Phil Dillard: Yeah, sure. I could see that Wow. The sales side is challenging. And I think lots of people...I've experienced being in sales when there was a disconnect between sales and product between the inside and the outside. And it creates a lot of challenges for everyone. And you don't want it. You want to avoid that as much as possible. Do you think that it made it easier because you guys have you have that program where you are the customer where you are using Juniper, or is that automatically more empathy? Is that something that's unique that you're doing that other folks, the other companies or competitors aren't doing well? Or is it just something that you're doing well because you and your teams really care about it?

Sharon Mandell: Yeah. I think part of what attracted me to the role at Juniper was the message that, that the company had about really changing the experience, not just, making sure the network works, but making it easy to deploy, easy to maintain, easy to support and using AI and, data science to really drive that experience so that you free up it is always a scarce resource and if you can make the mundane part of doing it, go away, then you can take really smart people and apply them to driving other business outcomes. And it was clear that was real in, in these products, that it was the vision to take it through the rest of the product line. And it was something. I really believe in. So I wanted to be that customer who had that voice there and also a person who can share the understanding of that and what that really means with our customers when I have the opportunity.

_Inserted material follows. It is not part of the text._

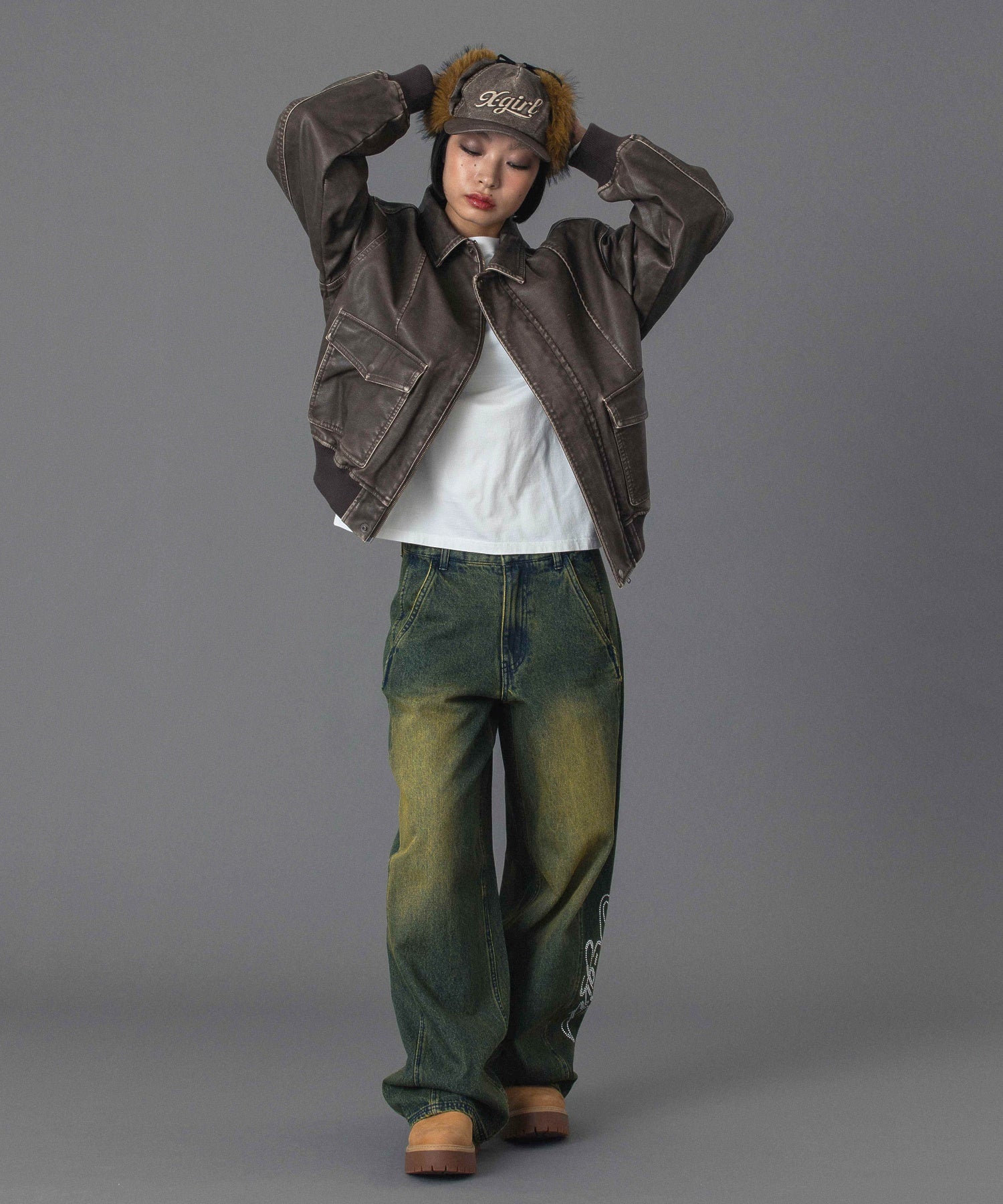 RHINESTONE LOGO LOOSE DENIM PANTS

Phil Dillard: I could see that as being an opportunity that then transforms the role of the it person and allows them to be, as you described more engaged in the business, what sort of things did you see them do? Do you just see them becoming almost like salespeople or advocates or  being able to explore things that they didn't explore before? Do you have any interesting stories from that? I guess when I heard you say that we free smart people up to do different things, because we eliminate the mundane. That to me, I felt an it person could come alive. And they would get out of being in the, stuck in a little rut and being able to open and expand themselves into being in being more and doing more for the company and for their customer. I guess that's what I'm getting at.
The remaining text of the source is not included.